If you take a quick peek at the supplies photo below, you’ll see we need a voltmeter. Don’t let that scare you. A fruit battery doesn’t generate enough power to actually light a bulb, so a meter is needed to see the effect. That’s why I believe this is better suited as a 5th grade science project, if done by itself. However, nothing is hard and fast here. If you want to combine this with the “Turning on a Light Bulb” experiment to bridge the gap between lighting a bulb and seeing the meter move, it could be made to fit elementary science projects from about first grade on.

Enough of the intro stuff … let’s create a lemon battery – and then try to figure out how it works. Have fun!

 

Objective

What could be more everyday than a lemon, a couple of nails and some wire? Well, that’s all you need to make a lemon battery. As is the case with most science projects on this site, the goal here is to learn by using stuff we see around us in everyday life.

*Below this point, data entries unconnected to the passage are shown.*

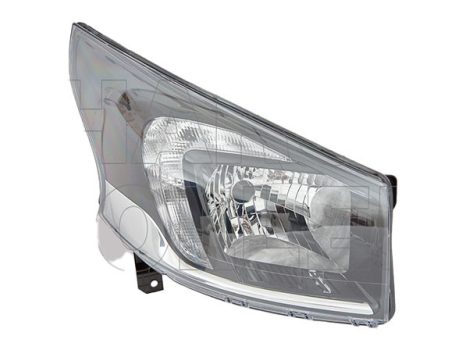 Opel Vivaro 2014.06.01-2019.07.31 Fényszóró H4 + nappali fény, jobb DEPO (1B6N)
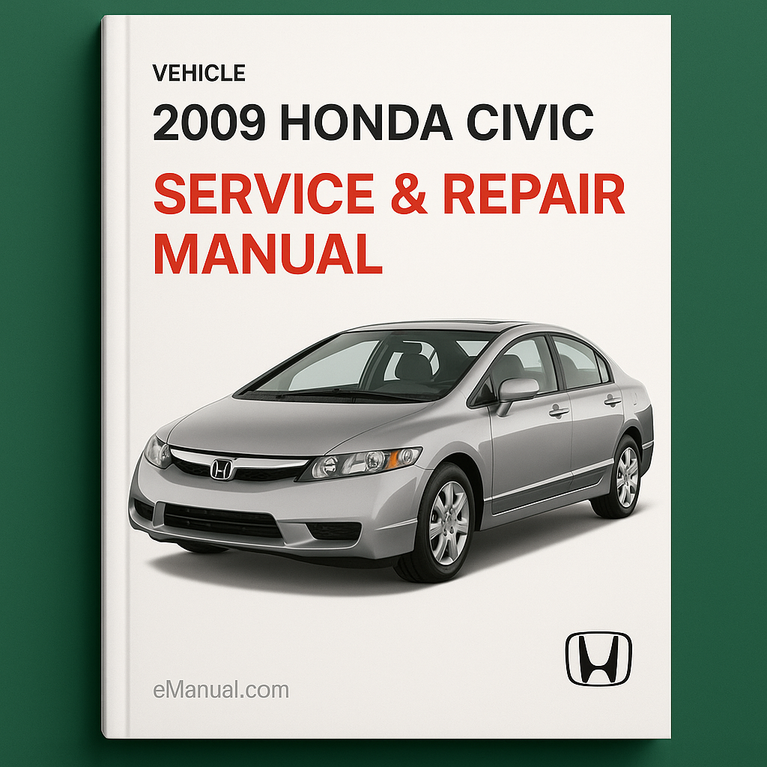 2009 Honda Civic Service & Repair Manual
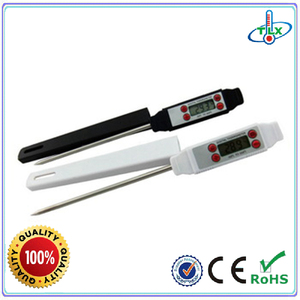 Venda quente design personalizado caneta em forma de termômetro <span class=keywords><strong>digital</strong></span> da água com haste - Product Image 3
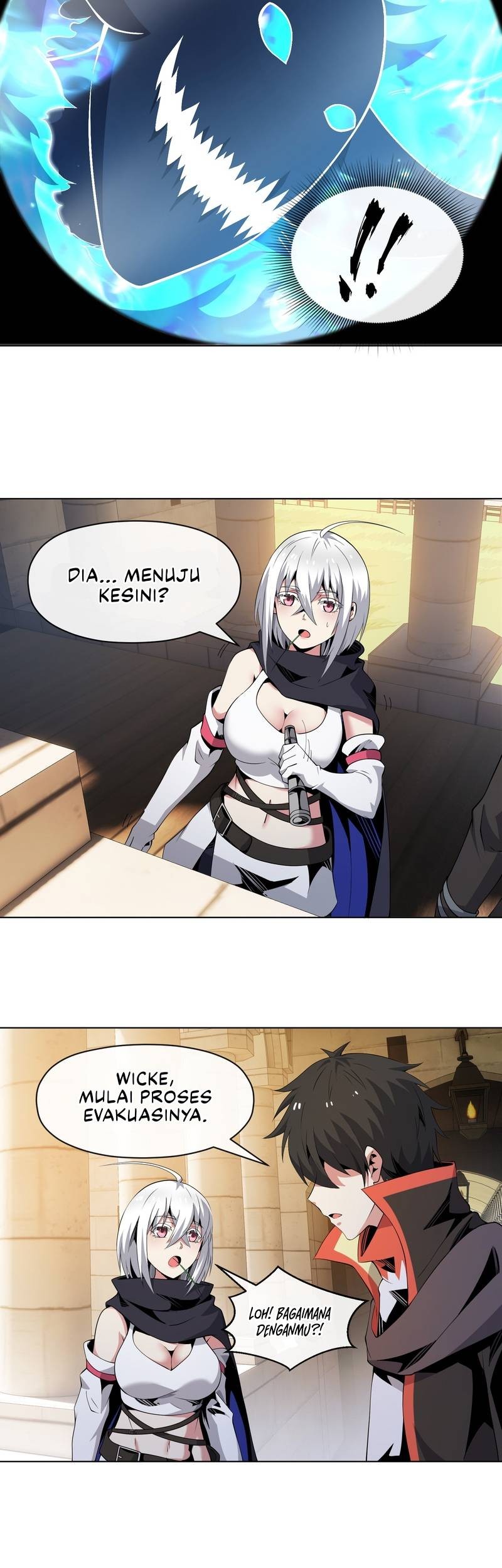 I Attained the Legendary Profession But Now I’m Being Hunted Down by the Whole Server?! Chapter 10 - halaman 9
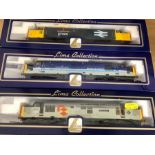 3 Boxed Lima Locos 00 gauge 37 420 The Scottish Hosteller x 2 different and 37 671 Tre Pol and Pen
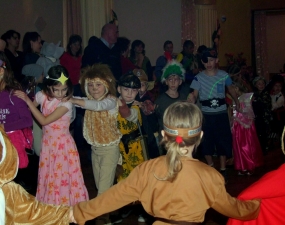 2011-01-23 - Dětský maškarní karneval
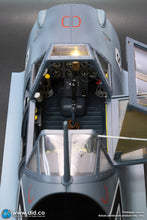 1/6 Scale of DID E60065B Bf109 Cockpit (Grey Blue) (PRE-ORDER)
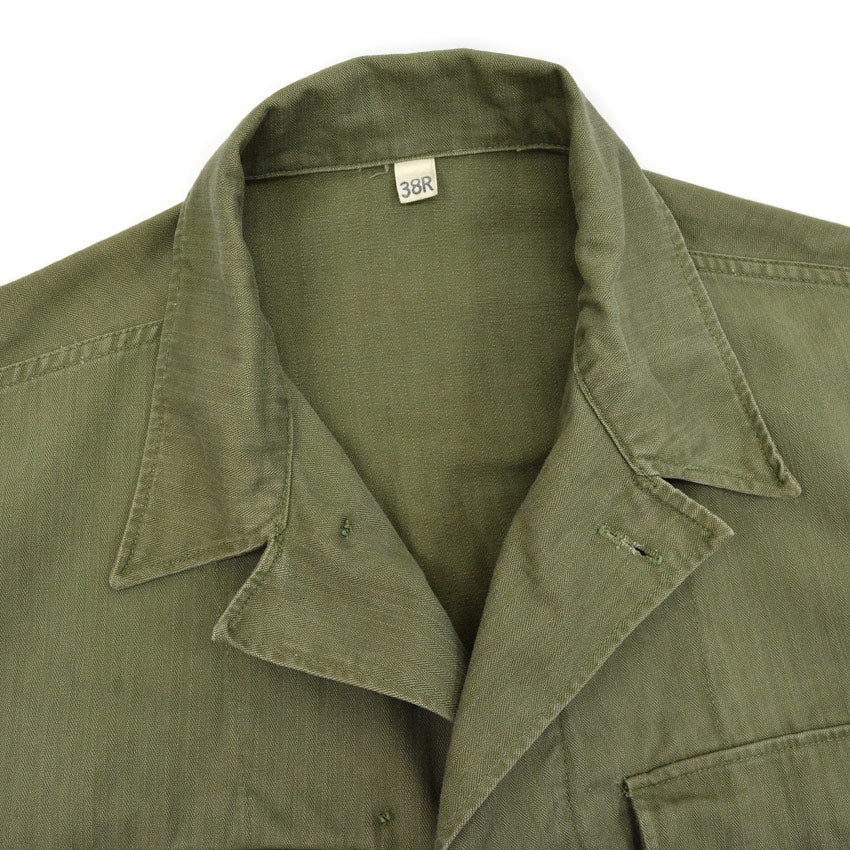 1940's U.S.ARMY M-43 HBT JACKET ... 38R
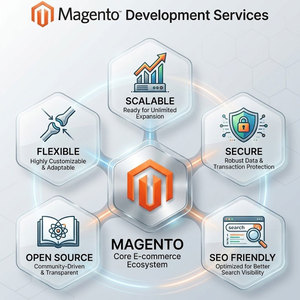 ระบบปฏิบัติการสำหรับนักพัฒนาเว็บไซต์ Magento ของ UNIVENTURE รุ่น U-MJD-801 - Product Image 1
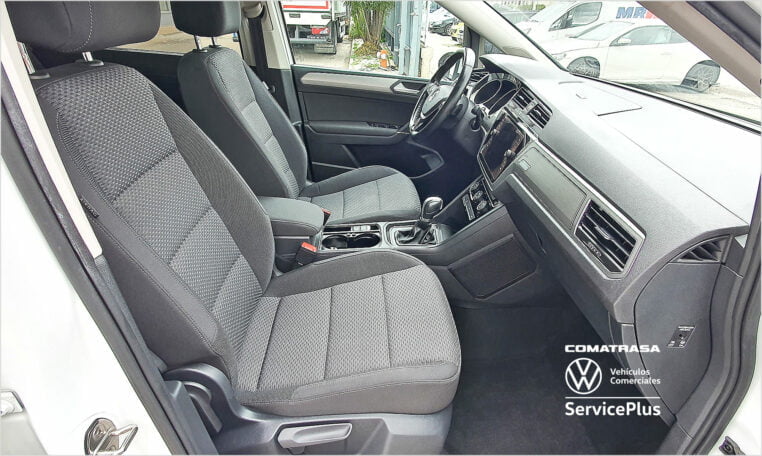 asientos delanteros Volkswagen Touran Advance
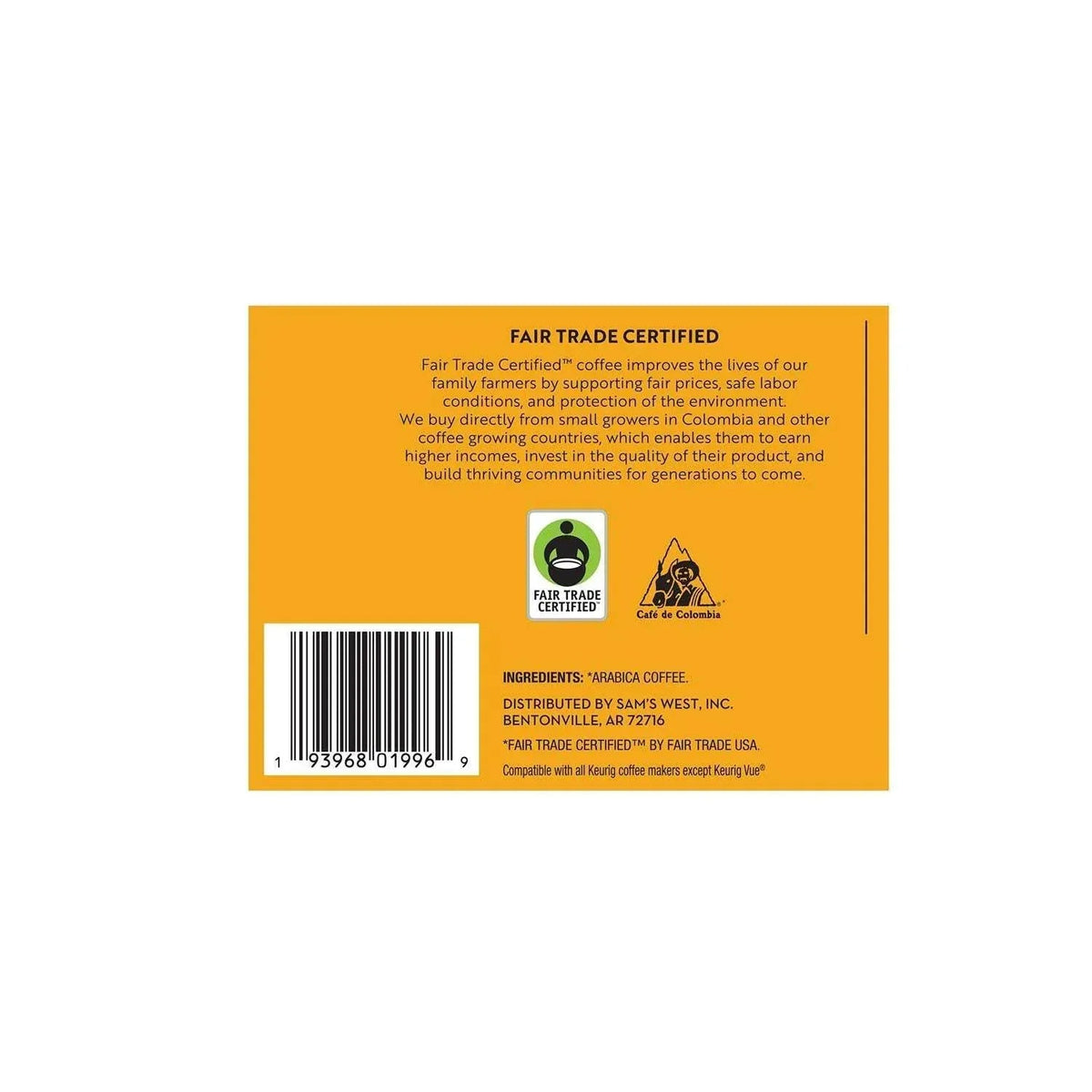 Member's Mark Breakfast Blend Light Roast Coffee Pods, 100 ct.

We will learn a bit more about electricity, possibly some new science terms, and if this project is done with the first grade “Light Bulb” experiment, we can tie a familiar flashlight operation to the more abstract concept of a meter reading.

Materials

– 1 medium size lemon or lime
– About 4 in. wire with insulation
removed, #12 or #18 works just fine
– 1 steel nail, #6 or 8 is ok
– 1 zinc plated nail, #6 or 8 is ok
– Small piece of sand paper
– Knife or wire pliers (not shown) to
remove insulation
– A voltmeter that can read tenths of a volt, but nothing fancy beyond that.

 

Preparation

The lemon battery project requires almost no advance setup. Just gather the above material, strip the insulation off the wire and use the sand paper on the wire and nail ends just before performing the experiment.

 

Project Day

Break the class into equal groups according to the number material sets you have available. If you are tying this to the battery light project, now is a good time to use the wire, flashlight bulb and battery to show how they are used to light the bulb itself. Tell them we will see if we can make the lemon into a battery like the one you are holding to light the bulb.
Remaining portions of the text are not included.